Lake O Livelihoods: Retired roofer runs veggie oasis in a food desert

MOORE HAVEN — Anybody who’s driven through town on U.S. 27 in the past several years might know who Mr. Bean is. He’s the smiling oldish guy seen in the same spot, all morning and into the afternoons, on midweek days from September through May, selling fresh vegetables from the back of his truck at the corner of 10th Street.

Retired roofer Gary Bean, who first started coming to Florida as a 21-year-old Ohioan in 1960 and moved here permanently in ’68, doesn’t have any sign-wavers on the road beckoning folks to stop; he doesn’t need to. You’ll often see him reclined in a lawn chair under a tarp next to his truck, reading a newspaper or magazine and not bothering a soul but just waiting for the area’s fresh-veggie lovers to stop by.

Lake Okeechobee News/Chris Felker
Eighty-year-old Gary Bean brings a load of fresh fruits and vegetables from Immokalee as many as three days a week during season to sell to his neighbors in Moore Haven.

And there are plenty of them, who have kept him coming back season after season for about the last six years.

“I’ve been here in Moore Haven for about, close to 30 years,” he said. “Came up from Hollywood to get out of the rat race down there. I’ve been around elsewhere … Lakeport, south down near Plantation, but I’ve been here for a lot of years.”

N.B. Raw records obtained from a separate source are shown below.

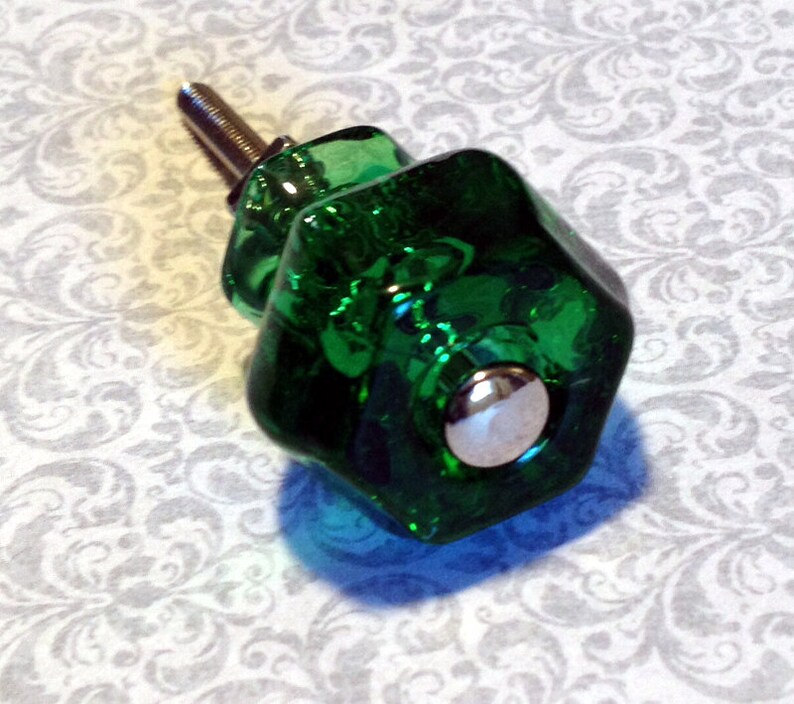 7 Emerald Green Glass Knobs Glass Knobs Antique Etsy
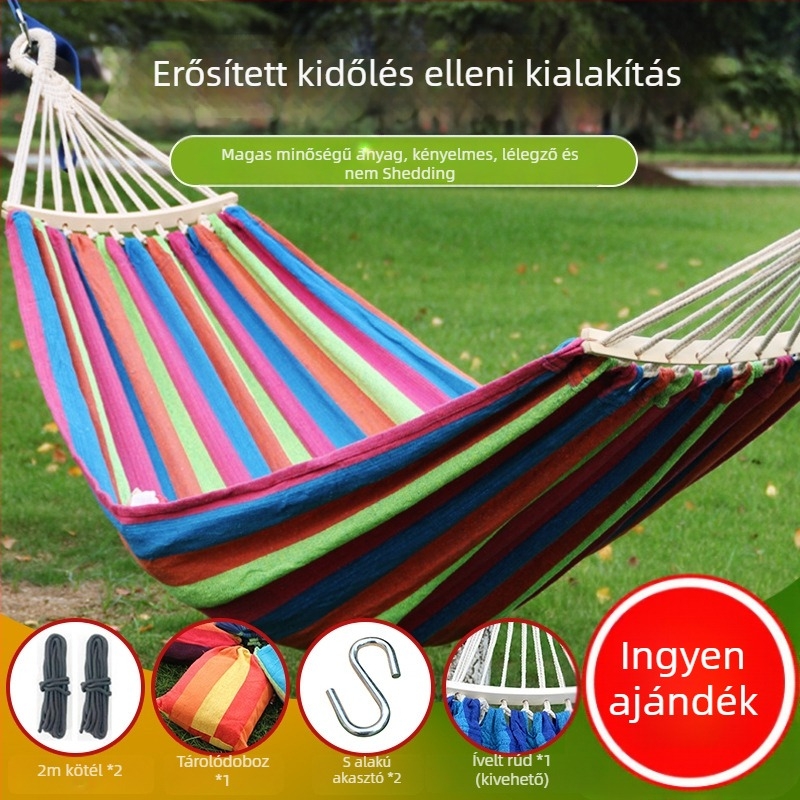 Vászon függőágy fa állvánnyal, Sanjia márkájú, készen áll a magáncímkézésre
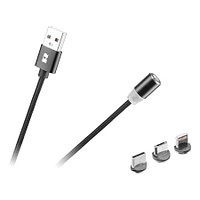 Cablu Usb Magnetic 3 In 1 100cm Negru Rebel - Rb-6004-100-b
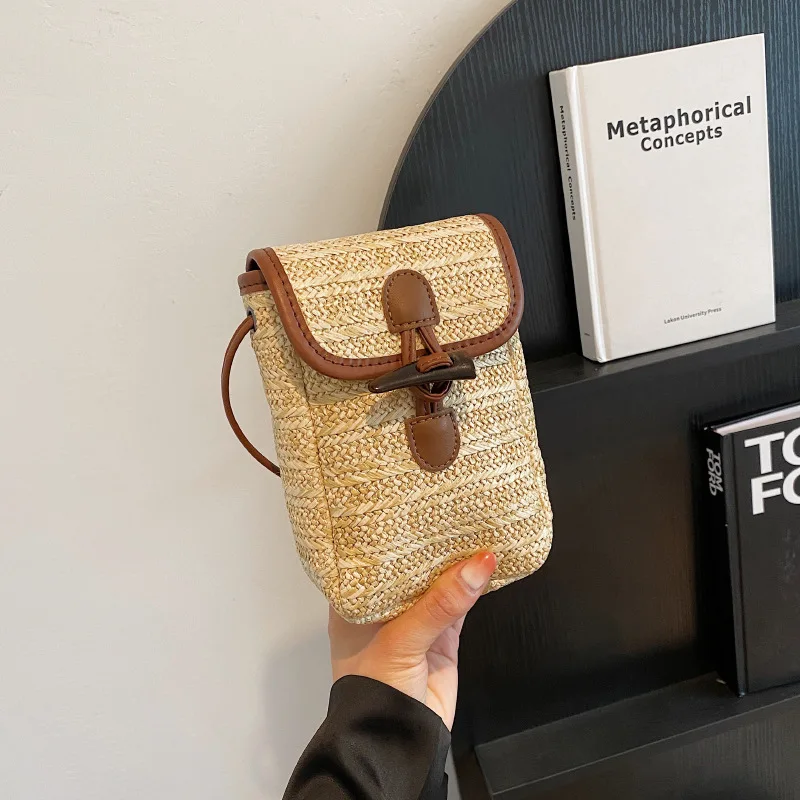 

Cell Phone Bag Women's 2023 New Korean Style Ins Contrast Color Straw Phone Bag Casual All-Matching One Shoulder Crossbody Bag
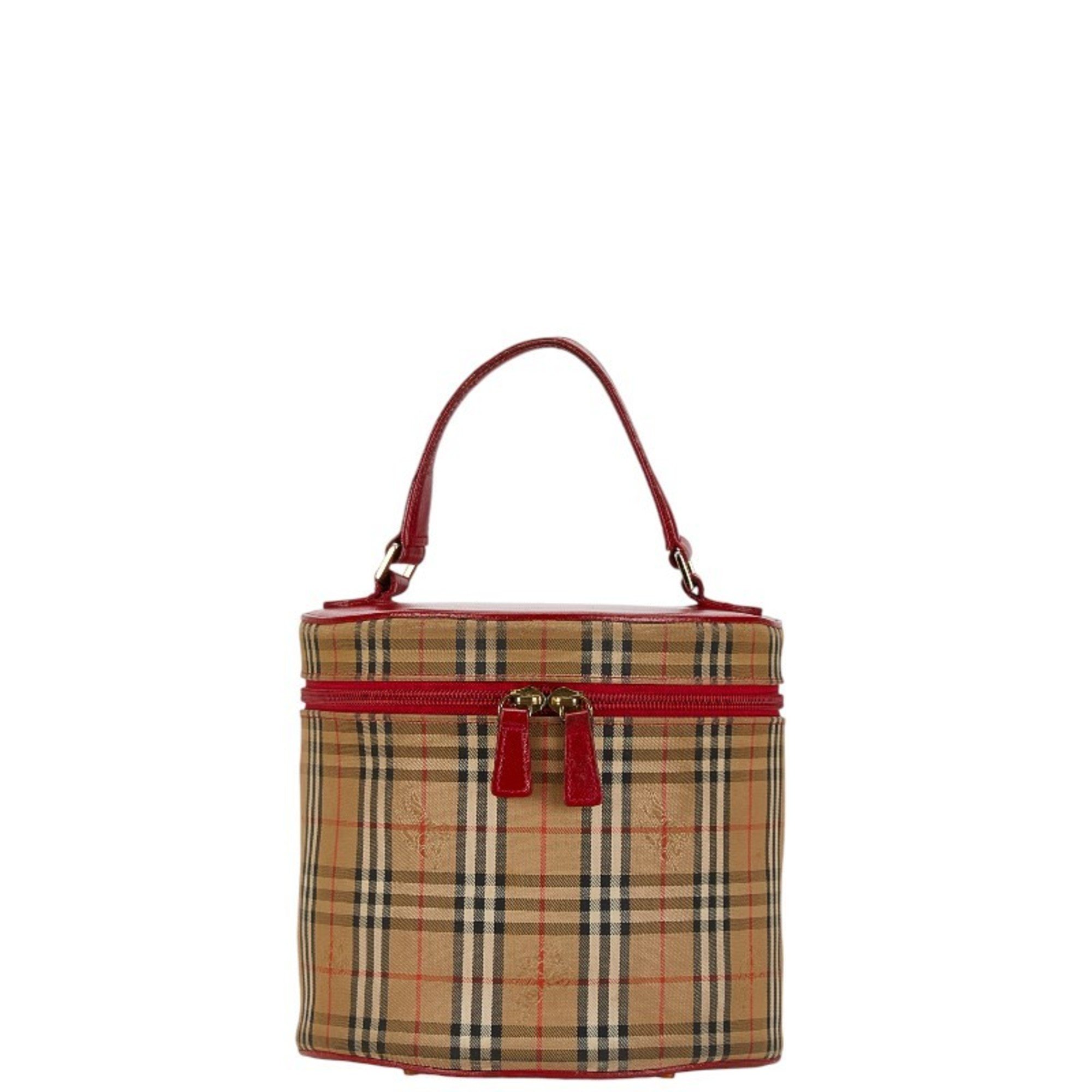 Burberry Nova Check Vanity Bag Beige Red Canvas Leather Women's BURBERRY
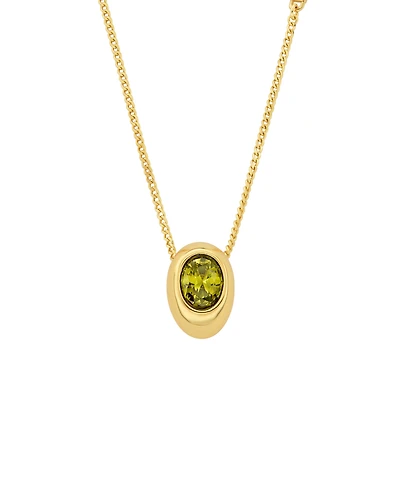 Michael Kors Gold-Tone Oval Stone Pendant Necklace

Few other places to find it
Business has been pretty decent for him, too. “There’s really nowhere else (close by) to buy them. The Dollar General sells a little bit…” of produce, Mr. Bean said, not bothering to add a “but.” The locals like the produce he brings to the area, it’s plain.

He doesn’t grow his own but travels down to Immokalee, which is in the midst of hundreds of acres of farmland in southern Hendry County. The growers in the area are known for producing some of the tastiest vegetables available in South Florida, so they’re widely available down there. When they are not growing them, much produce is readily available from other regions of America with different growing seasons.

They’re all homegrown, but “they get them from everywhere. It’s a big growing area in season, but a lot of stuff is not in season right now in Florida.”

Busy times do come and go all year but even during season, Mr. Bean says, though it doesn’t vary all that much from year to year, he thinks.

“The season means a lot, too, because you’ve got a lot of RV parks around here; snowbirds come down, and you’ve got more people around. Matter of fact, I go up into a couple of the parks up here in the season and set right up in the parks,” where, he said, “a lot of Canadians” winter.

He doesn’t believe his current business is very tied to the fortunes of Lake Okeechobee, but the heavier traffic during winter and the fishing tournament season definitely brings him more sales. Every year, he’ll knock off for a few months during the sweltering South Florida summers, though.

“Oh yeah,” he said when asked, “this year, all of June, all of July and all of August” he was nowhere to be found, Mr. Bean chuckled.

Like many folks who live around here, he has fond memories of spending peaceful time on Lake Okeechobee.

“I’ve kind of gotten away from it now that I’ve got older, but I’ve fished the lake an awful lot, and all the canals that go into the lake. The fishing is not near as good as it used to be, at all, not near as good. And I don’t know whether that’s pollution or … the fish are here year after year, but it seems like they get harder to find.”

He remembers how everything changed when the U.S. Army Corps of Engineers straightened out the Kissimmee River decades ago and made it more of a canal. “Then they had to put it back … because of the drainage issues and lack of filtering native marine grasses and such species,” he said. Mr. Bean also does object to the herbicide spraying that’s been done along the shores of the lake because it does kill fish habitat, he says. He likes the idea of mechanical harvesting of the plant overgrowth and/or invasive species, and perhaps recycling the biomass.

Queried about his memories of being a roofer in South Florida, he said: “I’ve been here for a lot of hurricanes … They call most of those roofers — they come from out of town, out of state — ‘roofers from hell.’ They gave the local people, hometown roofers a bad name.”

He was one super-busy guy after Hurricane Andrew in 1992. It took out much of everything standing in Homestead and did massive damage in a whole lot of Miami suburbs and exurbs and, of course, in the upper Florida Keys.

And then South Florida counties got a much more stringent building code. “That’s where it came from, after Andrew … they got strict after that,” said Mr. Bean.

Had to ask, “How old are you, sir?”

“I just turned 80 the other day. September the 2nd when Dorian was going to hit … I’d rather have a birthday party!”

But he was ready for it. “Bye-bye, hurricane, and Happy Birthday to me,” he laughed.

He noted that everybody did seem better prepared for Hurricane Dorian, had it come this way. We spoke on Sept. 10, a week after everyone was able to breathe again.

He took care of business, just in case. But hurricanes don’t scare him much.